Pitfalls of our simplistic moral evaluation system

In The Trouble With “Good” Scott Alexander describes some problems that stem from our evolutionary-induced simplistic good-bad evaluation system (emotivism), that meshes moral beliefs with facts and personal preferences.
I’ll only paste one quote as the post itself has just the right composition to be clear enough while not being too long.

So this is one problem: the inputs to our mental karma system aren’t always closely related to the real merit of a person/thing/idea.

Another problem: our interpretation of whether to upvote or downvote something depends on how many upvotes or downvotes it already has. […]

Another problem: we are tempted to assign everything about a concept the same score. Eliezer Yudkowsky currently has 2486 karma. How good is Eliezer at philosophy? Apparently somewhere around the level it would take to get 2486 karma. How much does he know about economics? Somewhere around level 2486 would be my guess. How well does he write? Probably well enough to get 2486 karma. Translated into mental terms, this looks like the Halo Effect.

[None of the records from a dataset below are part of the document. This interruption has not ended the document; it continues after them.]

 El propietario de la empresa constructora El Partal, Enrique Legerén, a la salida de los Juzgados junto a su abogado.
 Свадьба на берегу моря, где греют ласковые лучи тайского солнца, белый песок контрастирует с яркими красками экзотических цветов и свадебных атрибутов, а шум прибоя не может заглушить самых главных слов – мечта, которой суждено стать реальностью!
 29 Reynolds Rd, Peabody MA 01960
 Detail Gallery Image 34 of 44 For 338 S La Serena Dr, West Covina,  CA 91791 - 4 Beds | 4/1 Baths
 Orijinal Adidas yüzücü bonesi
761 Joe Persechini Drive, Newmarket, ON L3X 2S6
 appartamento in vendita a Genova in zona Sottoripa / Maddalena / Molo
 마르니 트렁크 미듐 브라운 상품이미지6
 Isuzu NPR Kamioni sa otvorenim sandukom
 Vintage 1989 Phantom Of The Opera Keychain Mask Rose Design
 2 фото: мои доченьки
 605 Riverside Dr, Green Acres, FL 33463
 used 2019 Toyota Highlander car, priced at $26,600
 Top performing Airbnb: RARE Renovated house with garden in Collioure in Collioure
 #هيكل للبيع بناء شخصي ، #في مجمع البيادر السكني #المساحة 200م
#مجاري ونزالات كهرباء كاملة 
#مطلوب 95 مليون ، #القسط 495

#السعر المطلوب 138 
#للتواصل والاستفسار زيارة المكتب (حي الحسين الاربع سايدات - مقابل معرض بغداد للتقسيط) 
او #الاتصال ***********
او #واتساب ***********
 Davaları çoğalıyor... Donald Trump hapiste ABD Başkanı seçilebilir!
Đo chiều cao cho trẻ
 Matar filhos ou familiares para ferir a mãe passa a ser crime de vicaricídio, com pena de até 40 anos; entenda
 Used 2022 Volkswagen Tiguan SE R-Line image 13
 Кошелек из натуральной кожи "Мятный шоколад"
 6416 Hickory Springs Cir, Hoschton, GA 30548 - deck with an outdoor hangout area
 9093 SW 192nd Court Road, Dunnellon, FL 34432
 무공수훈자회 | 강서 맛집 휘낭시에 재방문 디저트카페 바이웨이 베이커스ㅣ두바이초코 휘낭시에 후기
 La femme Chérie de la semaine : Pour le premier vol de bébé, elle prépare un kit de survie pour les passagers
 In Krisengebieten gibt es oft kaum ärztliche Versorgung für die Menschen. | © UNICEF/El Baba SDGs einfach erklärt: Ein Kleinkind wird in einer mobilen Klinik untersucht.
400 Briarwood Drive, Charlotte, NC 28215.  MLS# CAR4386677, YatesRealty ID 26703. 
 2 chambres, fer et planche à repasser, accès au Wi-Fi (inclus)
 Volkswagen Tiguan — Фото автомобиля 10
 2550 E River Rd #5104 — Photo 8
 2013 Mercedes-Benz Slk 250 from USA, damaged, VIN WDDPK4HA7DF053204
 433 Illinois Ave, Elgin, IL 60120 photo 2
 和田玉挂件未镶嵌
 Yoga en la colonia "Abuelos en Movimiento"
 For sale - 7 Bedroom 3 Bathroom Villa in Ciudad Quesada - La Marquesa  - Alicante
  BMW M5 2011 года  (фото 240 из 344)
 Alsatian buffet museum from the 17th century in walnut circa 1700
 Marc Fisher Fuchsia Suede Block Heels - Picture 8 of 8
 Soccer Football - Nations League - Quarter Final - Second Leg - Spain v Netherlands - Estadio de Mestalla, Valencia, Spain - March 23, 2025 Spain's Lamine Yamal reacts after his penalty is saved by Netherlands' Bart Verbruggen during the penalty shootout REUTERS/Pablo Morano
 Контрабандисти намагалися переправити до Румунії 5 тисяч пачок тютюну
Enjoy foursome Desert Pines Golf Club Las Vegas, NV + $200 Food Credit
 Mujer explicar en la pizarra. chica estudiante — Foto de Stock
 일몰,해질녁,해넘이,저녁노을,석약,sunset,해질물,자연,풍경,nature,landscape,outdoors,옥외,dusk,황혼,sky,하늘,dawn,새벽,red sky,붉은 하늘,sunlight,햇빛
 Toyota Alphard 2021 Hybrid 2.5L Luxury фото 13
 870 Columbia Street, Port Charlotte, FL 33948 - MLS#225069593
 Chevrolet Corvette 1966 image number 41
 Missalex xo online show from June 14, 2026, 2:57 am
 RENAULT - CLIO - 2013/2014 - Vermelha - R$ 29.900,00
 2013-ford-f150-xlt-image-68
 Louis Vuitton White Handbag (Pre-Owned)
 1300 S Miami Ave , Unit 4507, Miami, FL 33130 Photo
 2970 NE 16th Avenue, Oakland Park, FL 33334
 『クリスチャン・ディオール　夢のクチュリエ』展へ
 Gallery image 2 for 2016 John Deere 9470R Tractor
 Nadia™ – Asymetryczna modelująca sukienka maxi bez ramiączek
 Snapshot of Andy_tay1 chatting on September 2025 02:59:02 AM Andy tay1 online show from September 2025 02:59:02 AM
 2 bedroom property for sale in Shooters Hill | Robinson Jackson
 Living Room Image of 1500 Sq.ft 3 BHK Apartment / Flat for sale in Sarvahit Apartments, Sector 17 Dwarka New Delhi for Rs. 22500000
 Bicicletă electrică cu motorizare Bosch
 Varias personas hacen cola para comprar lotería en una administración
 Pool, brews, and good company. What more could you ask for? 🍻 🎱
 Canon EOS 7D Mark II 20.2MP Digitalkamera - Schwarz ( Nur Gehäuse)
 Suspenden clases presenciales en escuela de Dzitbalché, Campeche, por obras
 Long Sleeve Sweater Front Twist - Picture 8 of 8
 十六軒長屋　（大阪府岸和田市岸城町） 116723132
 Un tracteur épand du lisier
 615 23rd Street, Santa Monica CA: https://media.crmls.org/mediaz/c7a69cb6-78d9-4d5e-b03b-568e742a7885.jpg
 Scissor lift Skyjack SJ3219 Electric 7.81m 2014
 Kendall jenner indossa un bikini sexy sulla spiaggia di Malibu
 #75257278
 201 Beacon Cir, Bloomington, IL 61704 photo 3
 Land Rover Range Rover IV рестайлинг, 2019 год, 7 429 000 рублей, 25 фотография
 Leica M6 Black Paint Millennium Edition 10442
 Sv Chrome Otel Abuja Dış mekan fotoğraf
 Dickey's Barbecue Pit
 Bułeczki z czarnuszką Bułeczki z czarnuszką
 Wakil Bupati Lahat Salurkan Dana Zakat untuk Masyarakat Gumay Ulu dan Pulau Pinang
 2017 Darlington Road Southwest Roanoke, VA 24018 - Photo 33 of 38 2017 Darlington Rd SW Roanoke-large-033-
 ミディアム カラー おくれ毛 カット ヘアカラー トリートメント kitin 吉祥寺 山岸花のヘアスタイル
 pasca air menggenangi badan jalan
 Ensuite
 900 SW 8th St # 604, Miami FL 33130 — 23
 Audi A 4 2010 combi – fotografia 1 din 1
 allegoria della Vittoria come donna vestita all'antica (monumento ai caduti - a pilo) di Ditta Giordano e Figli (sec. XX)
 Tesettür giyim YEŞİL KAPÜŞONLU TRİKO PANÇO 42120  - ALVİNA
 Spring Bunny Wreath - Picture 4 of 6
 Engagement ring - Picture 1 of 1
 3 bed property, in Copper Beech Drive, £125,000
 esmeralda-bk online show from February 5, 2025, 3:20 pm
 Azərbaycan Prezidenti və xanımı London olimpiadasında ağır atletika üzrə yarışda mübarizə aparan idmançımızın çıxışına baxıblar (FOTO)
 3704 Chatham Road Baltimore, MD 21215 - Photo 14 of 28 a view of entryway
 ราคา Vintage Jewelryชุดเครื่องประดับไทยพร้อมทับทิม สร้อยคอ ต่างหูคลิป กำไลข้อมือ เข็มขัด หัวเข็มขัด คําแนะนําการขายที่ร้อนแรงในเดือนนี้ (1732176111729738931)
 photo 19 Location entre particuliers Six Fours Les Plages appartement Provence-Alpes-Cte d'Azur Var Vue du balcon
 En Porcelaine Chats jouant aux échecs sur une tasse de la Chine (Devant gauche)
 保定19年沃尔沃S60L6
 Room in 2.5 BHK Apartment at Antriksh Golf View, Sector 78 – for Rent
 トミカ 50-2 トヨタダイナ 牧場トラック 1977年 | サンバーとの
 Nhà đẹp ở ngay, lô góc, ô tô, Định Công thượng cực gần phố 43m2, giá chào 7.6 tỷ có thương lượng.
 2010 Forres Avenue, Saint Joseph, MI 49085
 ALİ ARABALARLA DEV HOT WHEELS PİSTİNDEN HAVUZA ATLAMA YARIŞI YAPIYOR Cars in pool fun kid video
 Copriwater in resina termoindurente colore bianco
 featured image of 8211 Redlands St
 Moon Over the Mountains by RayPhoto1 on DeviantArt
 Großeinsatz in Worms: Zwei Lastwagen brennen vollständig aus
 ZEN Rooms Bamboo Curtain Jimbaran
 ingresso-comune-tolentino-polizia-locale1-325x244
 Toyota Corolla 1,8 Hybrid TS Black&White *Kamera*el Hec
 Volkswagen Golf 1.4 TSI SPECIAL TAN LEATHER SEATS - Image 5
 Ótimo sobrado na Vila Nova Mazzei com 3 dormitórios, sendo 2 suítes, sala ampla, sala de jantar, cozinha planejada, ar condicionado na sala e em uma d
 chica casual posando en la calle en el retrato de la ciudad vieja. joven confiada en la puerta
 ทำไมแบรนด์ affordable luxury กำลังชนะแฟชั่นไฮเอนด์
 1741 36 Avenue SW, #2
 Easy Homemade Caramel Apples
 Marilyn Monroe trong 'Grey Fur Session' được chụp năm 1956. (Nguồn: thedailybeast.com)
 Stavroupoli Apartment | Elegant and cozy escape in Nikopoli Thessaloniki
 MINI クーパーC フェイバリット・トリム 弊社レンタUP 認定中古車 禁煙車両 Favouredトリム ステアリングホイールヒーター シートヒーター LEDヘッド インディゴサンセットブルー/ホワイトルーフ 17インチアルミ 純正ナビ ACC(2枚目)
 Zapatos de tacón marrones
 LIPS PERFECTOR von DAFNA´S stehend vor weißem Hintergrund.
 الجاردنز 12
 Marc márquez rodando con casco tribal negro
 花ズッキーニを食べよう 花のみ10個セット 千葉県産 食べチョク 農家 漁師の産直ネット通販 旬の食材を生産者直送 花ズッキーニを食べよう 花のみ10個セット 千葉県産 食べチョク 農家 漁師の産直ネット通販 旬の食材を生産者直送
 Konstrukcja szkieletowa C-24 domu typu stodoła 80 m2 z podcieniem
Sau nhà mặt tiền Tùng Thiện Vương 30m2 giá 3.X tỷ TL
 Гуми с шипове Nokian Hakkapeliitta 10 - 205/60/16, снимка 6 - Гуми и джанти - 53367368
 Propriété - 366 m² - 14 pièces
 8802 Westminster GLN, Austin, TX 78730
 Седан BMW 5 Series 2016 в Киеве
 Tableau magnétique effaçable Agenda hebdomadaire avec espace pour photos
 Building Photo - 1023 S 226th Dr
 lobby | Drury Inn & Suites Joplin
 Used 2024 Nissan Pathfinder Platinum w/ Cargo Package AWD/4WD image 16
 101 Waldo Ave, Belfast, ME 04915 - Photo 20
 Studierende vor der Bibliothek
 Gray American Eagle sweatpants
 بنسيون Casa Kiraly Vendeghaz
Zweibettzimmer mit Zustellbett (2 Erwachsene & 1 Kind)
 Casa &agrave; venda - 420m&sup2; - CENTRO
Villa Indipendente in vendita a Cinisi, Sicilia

Yes, we can pick apart our analyses in greater detail; having read Eliezer’s posts, I know he’s better at some things than others. But that 2486 number is going to cause anchoring-and-adjustment issues even so.

But the big problem, the world-breaking problem, is that sticking everything good and bad about something into one big bin and making decisions based on whether it’s a net positive or a net negative is an unsubtle, leaky heuristic completely unsuitable for complicated problems.